In these intense years, launching the network and having had the immense luck of co-organising and taking part in these events and endeavours has proven to be one of the most fruitful things we’ve ever done as anthropologists. We have learnt a lot from the co-organisers of the events in Lisbon and Cieszyn and from all participants in them. And we are also happy to have made new colleagues and friends along the way. Through those events and meetings, a new experimental contour of academia as a joyful space began to take shape for us.
But Colleex was originally conceived as a temporary network, and our convenorship was time-limited: We wanted to pursue the network only as long as there was something to explore together with others; rather than slowly sinking into oblivion, the network has stayed alive because the conversation has stayed alive: as long as Colleex members derive fun from meeting others, although winding it up was always a possibility, we wanted to give it the best chance to continue.

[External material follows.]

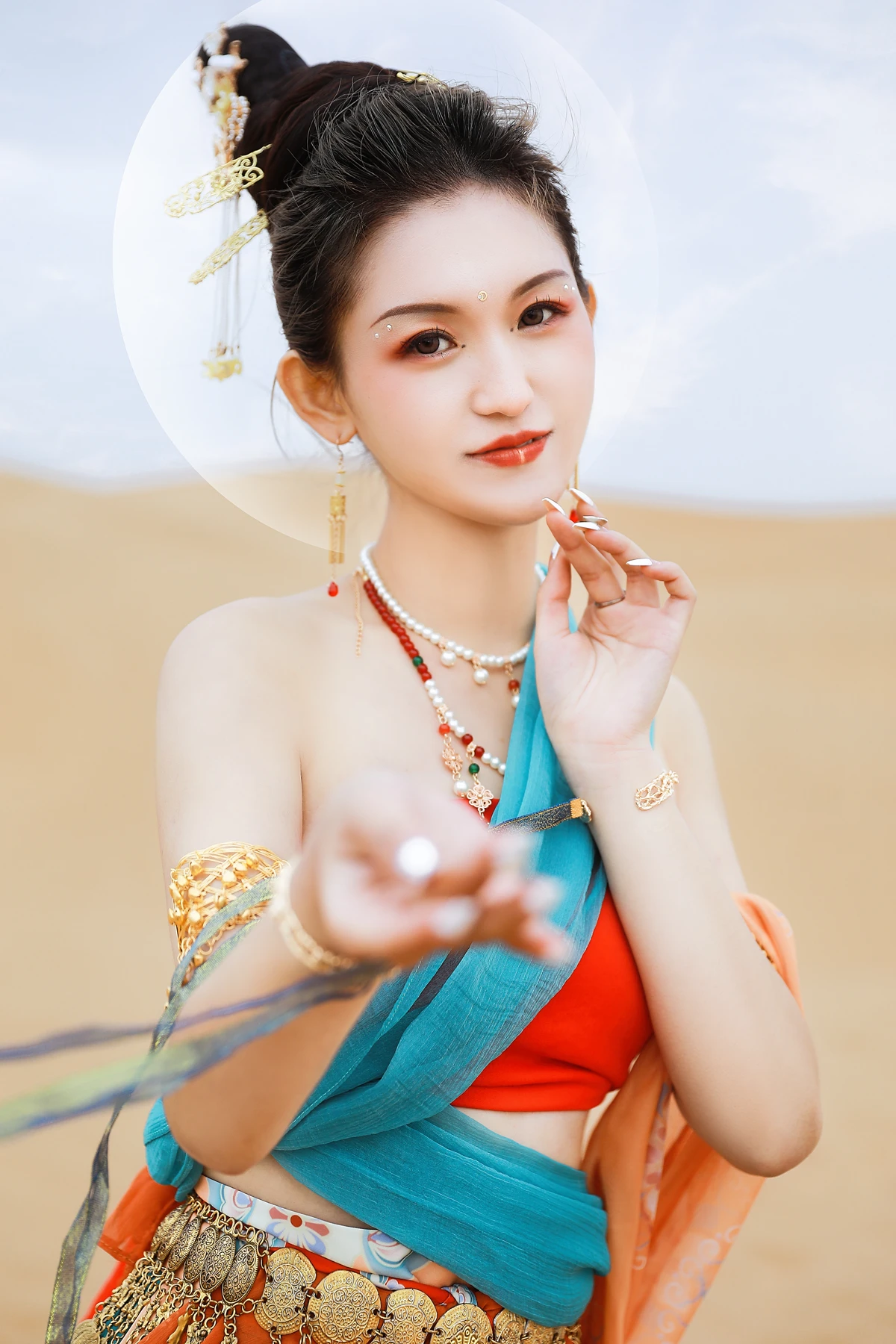[艺图语]2023.02.02 Vol.2950 天女#模特合集#[21P]-011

And so, true to the network’s experimental spirit, our meetings did indeed bring amazing results. And we are also very lucky to have found along the way an astonishing team to take up the torch. The incoming Colleex convening team – with cross-disciplinary expertise in anthropology and art and practices ranging from making to curating – promises a great future for all things Colleex. We are very much looking forward to enjoying what this new period will bring, happy to be taking the back seat.
Thank you all for all of these years!